The extraction and cryopreservation of ovarian tissue can be performed shortly before beginning the cytotoxic therapy. It may also be combined with other techniques such as the transposition of the ovaries. Currently, a combination with ovarian stimulation and cryopreservation of fertilised or unfertilised oocytes is being tested in the FertiPROTEKT network and has been successful so far.
In order to preserve the ovarian tissue, either the whole ovary is resected laparoscopically or about ½ of the ovarian cortex is retrieved from one ovary and prepared and preserved using cryoprotective agents. Recent findings suggest that it is beneficial to at least leave a residual ovary in place so as to enable an optimised homologous transplantation later.
If, after a sufficiently long relapse-free interval, the patient wishes to get pregnant but suffers from ovarian insufficiency, the tissue is usually transplanted orthotopically to the remaining ovary (Donnez et al.
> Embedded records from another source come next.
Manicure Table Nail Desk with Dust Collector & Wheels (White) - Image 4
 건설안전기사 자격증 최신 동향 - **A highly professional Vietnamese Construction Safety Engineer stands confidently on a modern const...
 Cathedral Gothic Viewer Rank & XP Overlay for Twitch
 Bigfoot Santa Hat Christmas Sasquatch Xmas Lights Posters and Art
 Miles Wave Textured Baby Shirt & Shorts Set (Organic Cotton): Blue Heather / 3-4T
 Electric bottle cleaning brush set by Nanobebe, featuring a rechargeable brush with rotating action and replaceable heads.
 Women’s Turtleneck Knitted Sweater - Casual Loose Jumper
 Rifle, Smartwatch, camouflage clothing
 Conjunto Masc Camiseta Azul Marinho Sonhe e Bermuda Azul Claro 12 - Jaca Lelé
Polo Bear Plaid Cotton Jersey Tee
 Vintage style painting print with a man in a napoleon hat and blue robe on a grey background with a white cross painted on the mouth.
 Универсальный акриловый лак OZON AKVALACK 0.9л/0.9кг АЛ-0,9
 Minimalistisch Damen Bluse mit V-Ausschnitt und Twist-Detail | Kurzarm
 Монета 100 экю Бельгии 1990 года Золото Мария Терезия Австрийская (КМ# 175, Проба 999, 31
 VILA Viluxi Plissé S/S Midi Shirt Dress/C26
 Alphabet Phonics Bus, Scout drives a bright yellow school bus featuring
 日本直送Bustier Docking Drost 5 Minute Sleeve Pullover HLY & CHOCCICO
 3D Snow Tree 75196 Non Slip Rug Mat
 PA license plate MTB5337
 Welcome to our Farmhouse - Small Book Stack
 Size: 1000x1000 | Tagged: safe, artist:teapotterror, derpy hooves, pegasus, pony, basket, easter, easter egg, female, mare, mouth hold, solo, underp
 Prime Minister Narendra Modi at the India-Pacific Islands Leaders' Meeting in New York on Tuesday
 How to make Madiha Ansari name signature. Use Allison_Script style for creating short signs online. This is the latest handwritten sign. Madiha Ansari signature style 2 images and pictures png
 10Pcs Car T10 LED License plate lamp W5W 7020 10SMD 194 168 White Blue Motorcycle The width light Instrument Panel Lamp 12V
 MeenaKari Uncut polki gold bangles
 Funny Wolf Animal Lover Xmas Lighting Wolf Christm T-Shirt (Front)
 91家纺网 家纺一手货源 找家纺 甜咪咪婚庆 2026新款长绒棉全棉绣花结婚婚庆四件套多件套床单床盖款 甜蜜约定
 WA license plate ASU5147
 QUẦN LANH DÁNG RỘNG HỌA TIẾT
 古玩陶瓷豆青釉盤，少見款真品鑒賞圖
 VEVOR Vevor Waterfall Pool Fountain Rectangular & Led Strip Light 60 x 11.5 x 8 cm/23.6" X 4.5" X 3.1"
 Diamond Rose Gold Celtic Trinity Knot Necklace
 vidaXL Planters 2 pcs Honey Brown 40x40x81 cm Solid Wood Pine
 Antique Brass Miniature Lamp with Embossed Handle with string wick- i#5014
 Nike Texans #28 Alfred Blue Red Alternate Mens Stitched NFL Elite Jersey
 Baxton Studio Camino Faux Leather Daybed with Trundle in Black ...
Lancet 2004, 364:1405-1410; Meirow et al. N Engl J Med 2005, 353:318-321) or heterotopically into a peritoneal pocket (Andersen et al. Hum Reprod 2008 Jul 3. Epub ahead of print).
It should be noted that international experience with the cryopreservation of ovarian tissue is still limited. However, the birth of 15 children and several more pregnancies indicate the very high potential of this technique (Donnez et al., Ann Med).
FertiPROTEKT normally favours the laparoscopic retrieval of only a part of the ovarian cortex. It is usually an outpatient procedure so that it does not cause a lot of stress to the patient. If complete functional loss of the ovaries is expected, e.g. when the pelvis has been irradiated or bone marrow transplanted, it may make sense to retrieve the whole ovary. Immediately after the intervention, the tissue is transferred to a tissue bank which carries out the preparation and cryopreservation following the recommendations and standards of FertiPROTEKT.
The cryopreservation of ovarian tissue is especially suitable for younger patients since their ovaries still contain a great number of oocytes, so the chances of successful transplantation are higher. The upper age limited is 35 years. If the ovarian reserve is still very high, the age limit may be raised on a case-by-case basis.
This method is also suitable if there is only about ½ week left until the beginning of the cytotoxic therapy, so that it is no longer possible to stimulate the ovaries and extract oocytes, which would take around 2 weeks.
Theoretically, there is a risk that malignant cells are transplanted along with the tissue, but this transplantation risk has not been confirmed in practice. However, the possibility of cryopreserving ovarian tissue of patients with leukemia or a borderline tumor of the ovary should be treated with great caution.
Before the tissue is re-transplanted, various tests to exclude micrometastasis are carried out. Attempts have also been made to perform xenologous transplantation, i.e. the transplantation of tissue into immunodeficient mice. In this method, it seems to be easier to evaluate the risk of re-metastasis in cases of high-risk transplantations, e.g. after leukemia.